By the time I completed my mental assessment of what lay ahead, I was fully awake with a headache and my stomach in knots.

"I hate it that no matter what day of the week it is, I start thinking of my to-do list," I told husband Art. "It seems that I can't ever really relax."

"Take a deep breath," he said calmly. "You know you don't HAVE to do all those things on your list today."

"But it just seems like there are so many things to do and not enough hours in the day to do them," I responded, waving my arms in frustration and flopping back down on the pillow.

"That's just life," he said.

Much as I hate to admit it, he's right. No matter how many things we complete, there will always be more to do.

Art's shift in attitude started the summer before last while we were in Wisconsin. We had a bunch of projects we wanted to do on our cottage, but since it was also our vacation time, fun things were at the top of our priority list. Yet when our time was over, he was surprised to find he had finished all the tasks, but it hadn't felt as if he had worked much at all.

He decided to try the same approach at work. Whenever he became tired of some task, he'd stop and work awhile on something he enjoyed more. He said he was apprehensive he might spend too much time doing what he wanted to do and not enough doing what needed to be done. But he discovered that didn't happen. Instead, he attacked less-enjoyable tasks with such increased vigor that he completed as much in a day as he ever had. The big difference was he enjoyed the day much more.

"I would do well to follow his lead," I told myself.

So I took a deep breath, got out of bed, had a cup of coffee and asked Art to make me his "breakfast pizza" concoction. He fries both sides of a piece of bread lightly in olive oil and then tops one side with shredded cheese. Just as the cheese begins to melt, he adds a thin layer of salsa, and tops that with sauteed orange, green and yellow peppers along with some sauteed onions and a dash of garlic salt. I like it as much for its pretty colors as its taste!

After breakfast, we put Cookie into a carrier - something she resisted mightily. But soon, I was off to the vet's office.

While the vet ran some tests, I began reading the notices about feline ailments. Soon my attention was drawn to a photo of a kitten rolled over on its side with one leg in the air. The photo was accompanied by a quote, attributed to poet and art critic Guillaume Apollinaire:


"Now and then it's good to pause in our pursuit of happiness and just be happy."


I smiled. Was that appropriately timed or what?

I returned home with Cookie and started doing whatever came to mind instead of following a list. I did the breakfast dishes and washed a load of laundry. But I also planted a "baby orchid" a friend gave me and a purple violet that had caught my eye in the store a few days earlier.

Later, I went back into town to run a few errands. I picked up some items I had taken to a local frame shop earlier in the week, smiled as I passed the thousands of purple-clad fans at the K-State football stadium, had dinner with Art and our two girls, shopped with youngest daughter Katie and stopped to see Mom.

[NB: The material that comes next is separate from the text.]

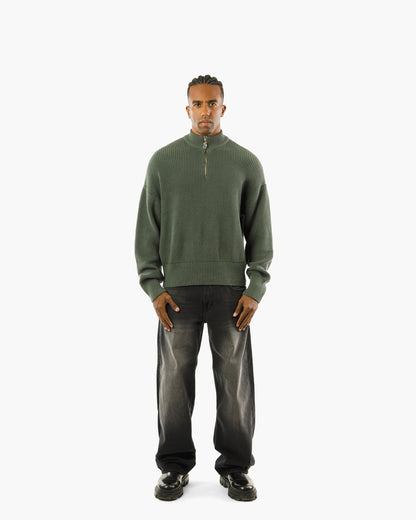 Streetwear Essential Oversized Quarter-Zip Sweater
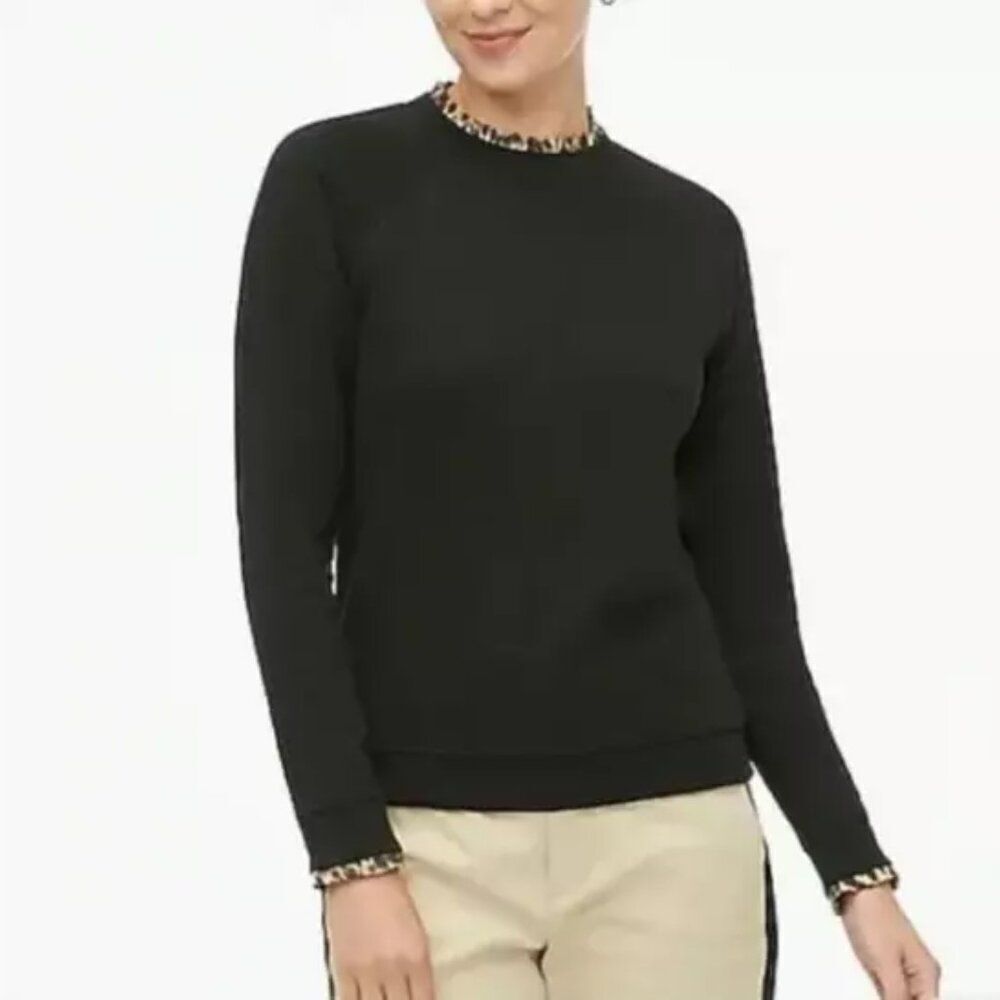 🌹 J. CREW 🌹 Woven Ruffleneck Leopard Print Pullover sweatshirt - [XL, Black]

Following his own advice, Art had spent a couple of hours scanning a book for his high school class's 50th reunion next year. When he tired of that, he switched to doing family history. Eventually he tired of that as well, so he shut the computer down and asked me to help him finish a repair on our plumbing he had started two weeks earlier. He considered that to be work. For me, it was mindless as all I had to do was hold the flashlight.

After that, Katie, who had come home for the night, and I watched an X-Men movie. It was well after midnight when we all headed off for bed.

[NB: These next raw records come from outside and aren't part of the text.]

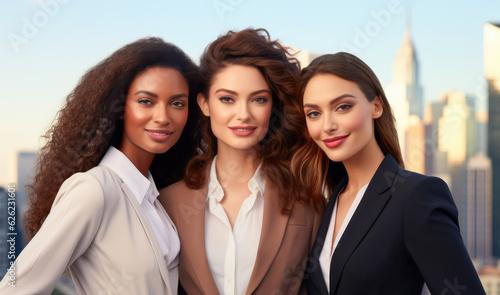 Closeup of 3 multi-ethnic businesswomen looking confident with a cityscape background. Generative Ai.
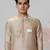 Beige woven cotton kurta pajama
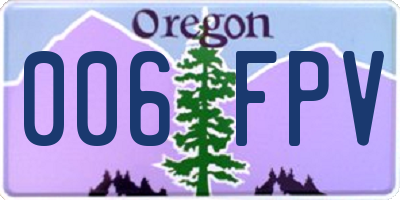 OR license plate 006FPV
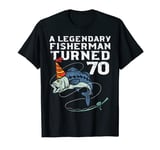 Mens Legendary Fisherman Turned 70 Fish 70th Birthday Fishing Men T-Shirt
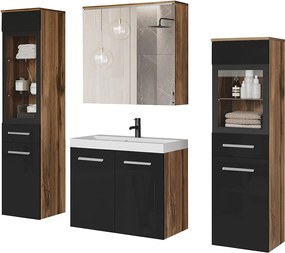 Meble łazienkowe z LED, zestaw wiszący do łazienki z umywalką, 2 słupkami i szafką lustrzaną, korpus dąb wotan, fronty czarny połysk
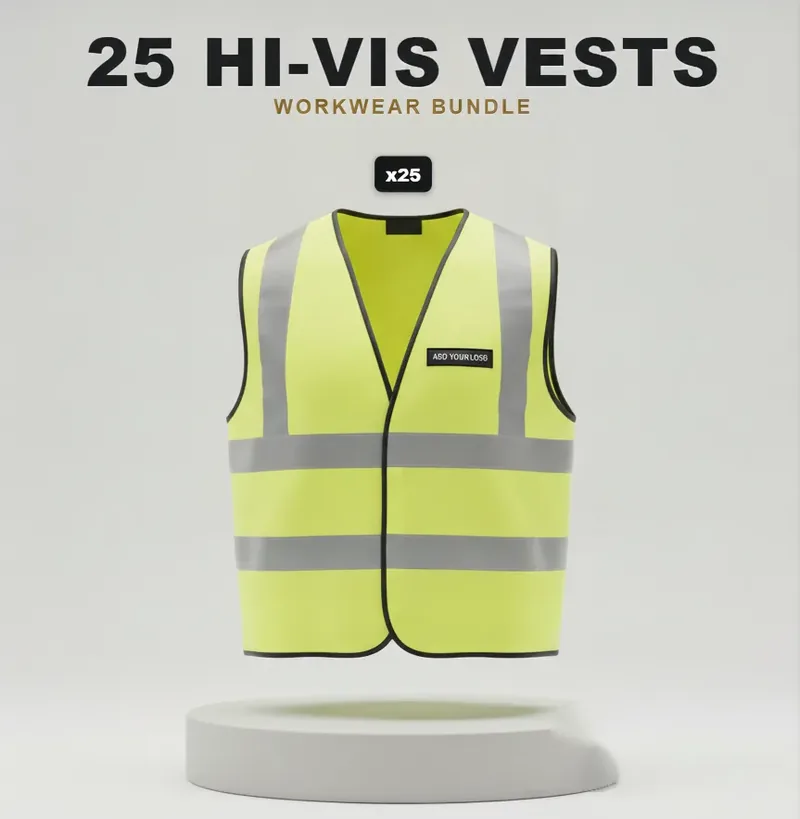25 branded hi-vis vests: the garments in the kit, each with a logo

Reflecting on the day, I thought about how most of us don't enjoy being told what to do. And a to-do list can easily become a set of orders to be executed. Stopping to do something I enjoy can feel as if I'm wasting time or being irresponsible.

But by giving myself the freedom to do what came to mind next, rather than rigidly following my list, I discovered I had truly enjoyed the day. Somehow, all the tasks I had dreaded seemed far less daunting. And some even became downright enjoyable.

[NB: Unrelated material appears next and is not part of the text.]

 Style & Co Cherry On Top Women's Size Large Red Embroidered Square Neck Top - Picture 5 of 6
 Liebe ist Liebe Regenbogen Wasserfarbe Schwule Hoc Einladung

An old expression by Chinese philosopher Lao-tzu says "a journey of a thousand miles begins with a single step." The idea is if people focus on the goal, it can be overwhelming. But if they instead just start, they will still arrive at the destination, but the trip will be much more enjoyable.

I guess my lists aren't much different. Now when I look at an item, I just ask, "to do, or not to do?" That is the question!